Neither of these authors really revise the doctrines of Hitler: by and large, they leave them unchanged. In the same way, Marxist-Leninism hasn't changed much in the past hundred years. The immutability of both these ideas - Leninism and Hitlerism - explains their survival into the 21st century. Neo-Nazism itself has been around in one shape or form for seventy years.

This long-livedness makes it superior, in my eyes, to other 'nationalist' and Far Right ideologies and tendencies. Recently an excellent article appeared in the Occidental Observer on the shortcomings of the Nouvelle Droit or European New Right - a school of thought which rose to prominence in the 1970s and 1980s and then went the way of all fads. I can imagine newer tendencies, such as the Alt Right, going the same way. Neo-Nazism outlived the European New Right and will outlive the Alt Right, simply because intellectual ideas need to be given political form, and this is what neo-Nazism does for the intellectuals - it gives them a party. This is what the original Nazism and fascism did as well. The European New Right made a hero out of Carl Schmitt, who, it will be remembered, joined the NSDAP (along with Martin Heidegger, another New Right hero) in 1933.

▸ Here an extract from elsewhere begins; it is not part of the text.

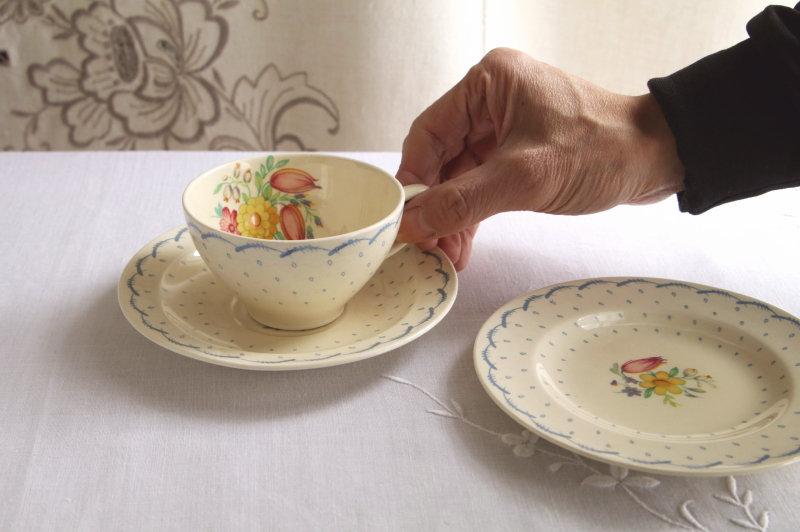 susie cooper スージークーパー　プランタン　ティーカップ　ティートリオ　イギリス　アンティークストリュフ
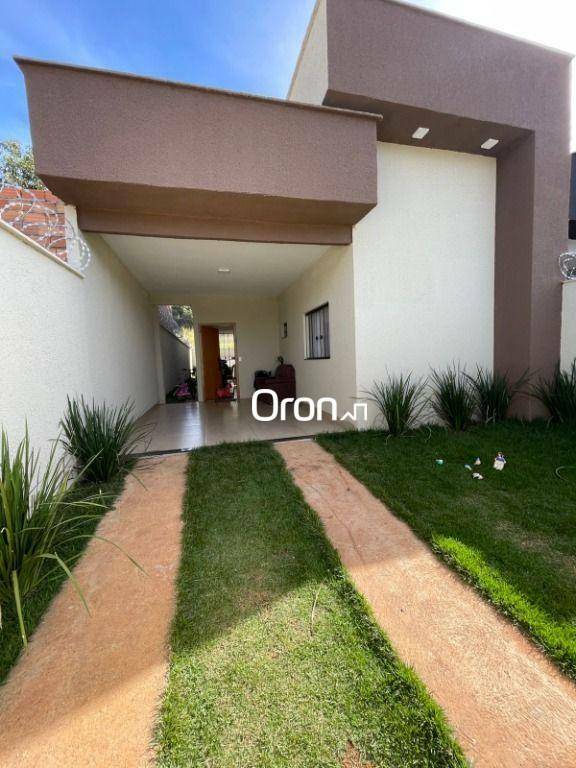Casa à venda com 3 quartos, 111m² - Foto 1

 The fascist parties gave intellectuals of the Right a home, the communist parties, the intellectuals of the Left. Communism and fascism resemble one another. Both make a fetish of the great individual, the man of genius, what Marx disparages as the 'cult of personality', and it's this side of the German National Socialist doctrine, I think, which tends to rub its critics up the wrong way. These men - ostensibly 'Far Right' and 'nationalist' and 'racialist' - don't believe in Hitler's genius because they hold to egalitarian theories. They subscribe to a form of Marxism. We know that Marxist theory teaches that all men are equal and that the masses - in particular, the working-classes - are the ones who make history. (In practice, the Marxist regimes of Russia, China, North Korea, Cuba, Vietnam, East Germany and the rest put their leaders on a pedestal and made a cult of them: the communist party line was that the revolutions in those respective countries were brought about by the individual initiative of those very great men...). The anti-Hitlerians take egalitarianism at face value. They don't follow the doctrine of racialism to its logical conclusion: that if you believe in the inequality of races, then you must believe in the inequality of nations - and men. And, from the inequality of men, we can deduce the Führerprinzip: responsibility for political decisions must be reserved for those superior men, the men who are (in Spengler's words) 'master-types' to whom the masses owe unquestioning obedience. In the words of the Italian Fascist slogan, 'Believe, obey, fight!'.

 In National Socialist propaganda, the Führer, the German Volk and the Wehrmacht form three pillars of the German national genius. The Hitler detractors take umbrage to this: how can one nation (Germany) set itself above another? Doesn't white nationalism preach that white nations such as Ireland, Portugal, Bulgaria, Finland, Serbia and Montenegro are all equal?

And on the subject of Hitler's alleged genius, his critics accuse him with making many questionable decisions (the implication being that had they been in charge, they would have done better). They don't believe in his greatness, and what's more, don't believe that any man - much less a politician - can be great.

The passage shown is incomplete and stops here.